E eu, velho cronista de brisas e contradições, pensei: talvez isso seja mesmo um sinal de lucidez.
Não há utopia que resista ao olhar nu de quem já viu de perto o preço dos extremos. “Todo pensamento totalitário é, antes de tudo, uma tentativa de matar a dúvida”, diria Camus, que tão bem compreendia a tragédia das certezas absolutas. Os extremos — de qualquer lado — não se encontram no ponto médio, mas na vontade de calar o outro.
Esquerda e direita, quando endurecem, espelham-se: ambas erguem muros, alimentam ressentimentos e sonham com a eternidade no poder.
A democracia, por mais imperfeita que seja, é o regime do incômodo. Ela não promete o paraíso, mas garante o direito de sonhar — e de mudar. Como ensinava Espinosa, a liberdade não é ausência de limites, mas a possibilidade de transformar o necessário em escolha. E nisso, alternância de poder é mais que um detalhe: é o próprio respiro da vida pública.
De um lado, a fé cega em doutrinas que prometem igualdade eterna, mas produzem escassez e censura. De outro, o mito da liberdade total de mercado, que vira abandono disfarçado de mérito. O caminho talvez esteja no meio-fio: um Estado que cuida, uma economia que pulsa, uma sociedade que pensa. Saúde, educação, infraestrutura básica — e liberdade vigiada
não por tiranos, mas por instituições sólidas e transparentes. O resto? O resto é religião e futebol, como dizia Nelson Rodrigues.
Nietzsche, com sua ironia de profeta cansado, diria que o problema não é a falta de fé, mas o excesso de deuses — ideológicos, partidários, financeiros. Todos exigindo sacrifícios em nome de um futuro que nunca chega. Kierkegaard, por sua vez, lembraria que é no salto entre a angústia e a escolha que a existência se afirma. Por isso, talvez, a democracia seja tão humana: vive de erros, acertos e da constante arte de recomeçar.
A brisa do mar toca o rosto como um lembrete: o tempo exige adaptação. E só muda quem aceita o fluxo. O Tao nos ensina que nada é mais forte que a água: ela contorna, penetra, dissolve.

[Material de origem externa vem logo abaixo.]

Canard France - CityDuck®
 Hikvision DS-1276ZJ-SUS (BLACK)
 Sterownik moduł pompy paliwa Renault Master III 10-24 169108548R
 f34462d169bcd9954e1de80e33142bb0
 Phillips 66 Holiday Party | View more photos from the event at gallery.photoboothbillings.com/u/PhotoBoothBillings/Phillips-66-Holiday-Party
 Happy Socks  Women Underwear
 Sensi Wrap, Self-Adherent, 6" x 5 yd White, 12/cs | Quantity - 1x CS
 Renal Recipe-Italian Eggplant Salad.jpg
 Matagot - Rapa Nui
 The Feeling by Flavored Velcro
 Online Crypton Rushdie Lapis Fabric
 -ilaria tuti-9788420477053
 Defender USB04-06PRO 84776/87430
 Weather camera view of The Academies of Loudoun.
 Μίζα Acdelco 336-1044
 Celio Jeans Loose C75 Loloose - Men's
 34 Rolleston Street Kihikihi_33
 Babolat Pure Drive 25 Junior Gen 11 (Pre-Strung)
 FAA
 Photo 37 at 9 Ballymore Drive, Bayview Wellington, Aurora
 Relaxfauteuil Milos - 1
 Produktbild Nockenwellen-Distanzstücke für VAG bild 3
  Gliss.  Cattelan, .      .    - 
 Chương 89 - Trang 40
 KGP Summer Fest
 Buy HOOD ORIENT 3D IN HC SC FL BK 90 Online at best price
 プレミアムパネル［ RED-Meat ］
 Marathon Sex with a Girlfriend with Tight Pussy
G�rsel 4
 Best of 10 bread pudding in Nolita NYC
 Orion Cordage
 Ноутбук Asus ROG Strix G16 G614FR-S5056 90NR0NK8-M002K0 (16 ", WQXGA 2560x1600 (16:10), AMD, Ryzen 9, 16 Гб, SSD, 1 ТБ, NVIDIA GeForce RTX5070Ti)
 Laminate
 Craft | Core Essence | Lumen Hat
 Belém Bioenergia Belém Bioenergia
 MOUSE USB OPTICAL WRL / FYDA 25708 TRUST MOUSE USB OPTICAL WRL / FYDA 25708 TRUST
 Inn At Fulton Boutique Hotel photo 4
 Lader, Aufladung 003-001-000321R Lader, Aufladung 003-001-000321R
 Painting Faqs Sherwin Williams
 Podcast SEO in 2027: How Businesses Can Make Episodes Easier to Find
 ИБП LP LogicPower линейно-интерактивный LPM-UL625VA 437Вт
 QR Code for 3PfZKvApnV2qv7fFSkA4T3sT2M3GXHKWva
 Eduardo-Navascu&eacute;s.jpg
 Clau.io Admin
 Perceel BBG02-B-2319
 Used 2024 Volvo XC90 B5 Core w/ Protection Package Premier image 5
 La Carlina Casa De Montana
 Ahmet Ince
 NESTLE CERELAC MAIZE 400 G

Talvez seja isso que nossa política precise — menos muralhas, mais movimento.
Ao longe, o som de um gol explode no rádio
do quiosque. Um senhor ri sozinho, camisa do Flamengo no peito, olhos no horizonte.
Porque, no fim, talvez tudo se resuma nisso: a esperança que vibra mesmo quando o time perde.
A democracia, afinal, é esse jogo suado onde ninguém ganha sozinho — e todo dia é final de campeonato.